Darla Moore

Meet Catalyst Darla Moore

Darla Moore
Founder, The Darla Moore Foundation

Teach For America South Carolina (TFASC) can largely credit Darla Moore’s embracing vision of high-quality education for its very existence.

After decades in the financial industry, Moore, a renowned business leader who was born in Lake City, S.C., turned her attention to giving back to her beloved state, particularly by supporting the education system.

In 2010, she founded The Darla Moore Foundation to enhance the lives of the residents of the Pee Dee region and all of South Carolina. According to Harry Lesesne, executive director of The Darla Moore Foundation, “Much of our mission begins by making high-quality education available with a focus on students with the greatest need and the greatest promise.”

The year she started The Darla Moore Foundation, Moore served on the national board of directors for Teach For America (TFA). Seeing firsthand the impact of TFA’s innovative model and outstanding teachers in underserved public schools, she spearheaded efforts to launch TFA in South Carolina. Moore enthusiastically lobbied for legislative approval to bring the organization into the state, and she gave substantial funding to initially get TFASC off the ground in the Pee Dee region, then expand to other regions of the state.

The first TFASC teachers energized classrooms in 2011, thanks largely to The Darla Moore Foundation. In total, the foundation has donated several million dollars to the work of TFASC in its first decade of impact.
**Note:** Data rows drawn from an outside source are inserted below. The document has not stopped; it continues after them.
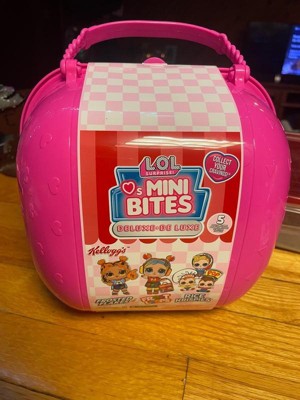 L.o.l. Surprise! Sweet Tooth Lunch Bag - Pink : Target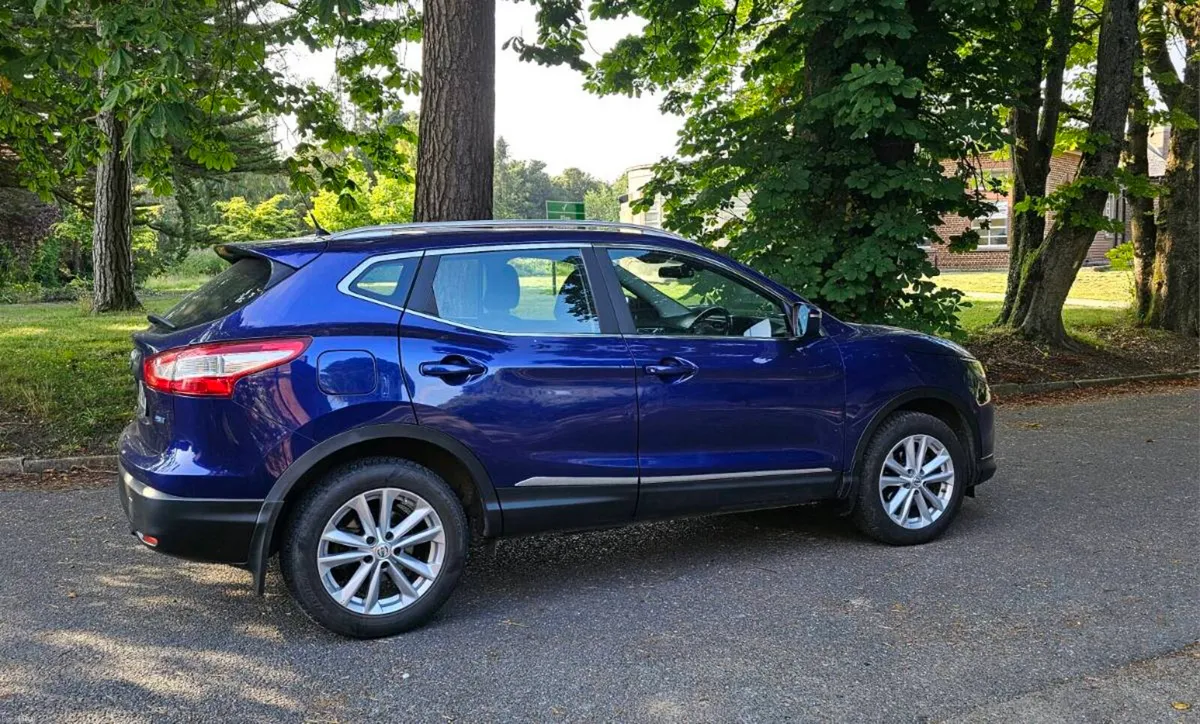 ■ Nissan Qashqai 2016 ■ - Image 3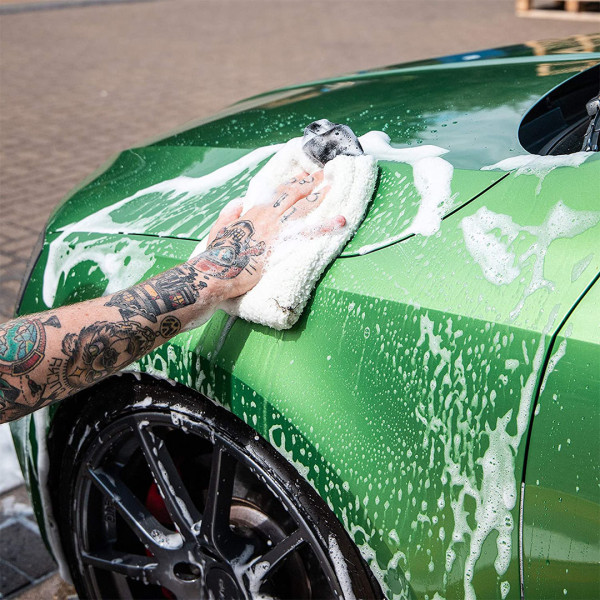 Синтетический автомобильный шампунь Meguiar's NXT Generation Car Wash, 532 мл (G12619)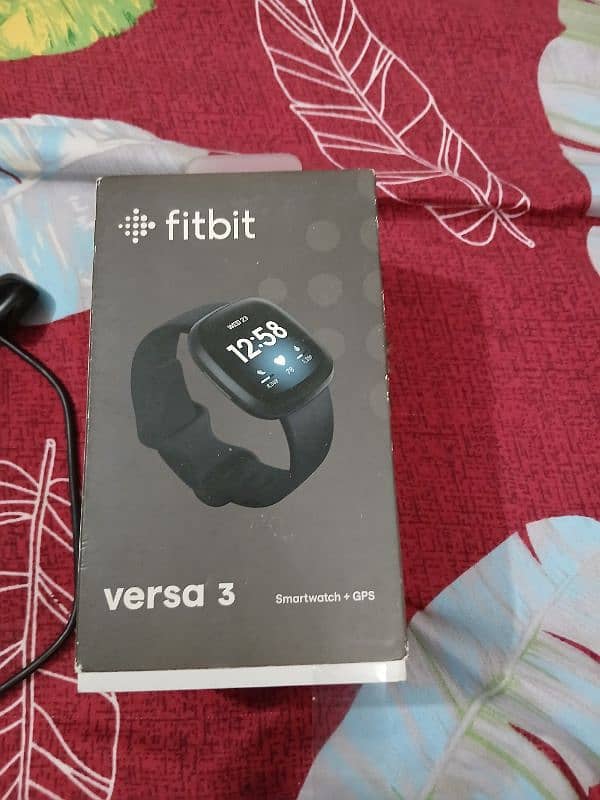 fitbit versa 3 1
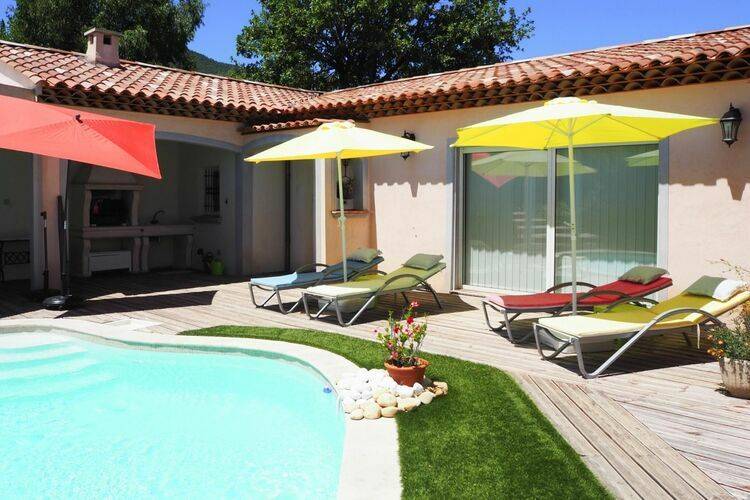 Holiday home Cavalaire-sur-Mer, Location Haus in Cavalaire sur Mer - Foto 14 / 25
This catalytic support led to more than 900 TFASC teachers and alumni positively impacting over 65,000 students with their energy and intentionality at South Carolina schools with the greatest needs.

“The value of young teachers putting their heart and soul into something that matters in a state like this with needs so great will pay off no matter what,” said Lesesne.

“We definitely see it as an investment in the future of South Carolina,” he added. “Organizations like TFASC help grow a leadership cohort who can be the future supporters of our state’s education system.”

Lesesne points to additional targeted donations from The Darla Moore Foundation that are nourishing key parts of the education ecosystem.

The Darla Moore Foundation supports the Meeting Street Scholarship Fund, for example, that offers college scholarships to worthy high school graduates in nine counties in the Pee Dee region. Several TFASC teachers and partners have been involved with Meeting Street, which identifies high-potential students in circumstances that might restrict them from going to college. To date, Moore’s foundation has supported hundreds of young South Carolinians with scholarships.

“We know higher education is a key element for success later in life, and the cost of a college degree grows every year,” said Moore. “We must make higher education available to every deserving student who wants it but without burdening them with student loan debt far into their adulthood.”

The nonprofit bearing Moore’s name continues to beam out philanthropic leadership in South Carolina like a coastal lighthouse, and it will always hold a place in its heart for TFASC.

“Darla Moore is very forthright about her amazing success, and how none of it would have happened without the doors of education opening up her life,” concluded Lesesne.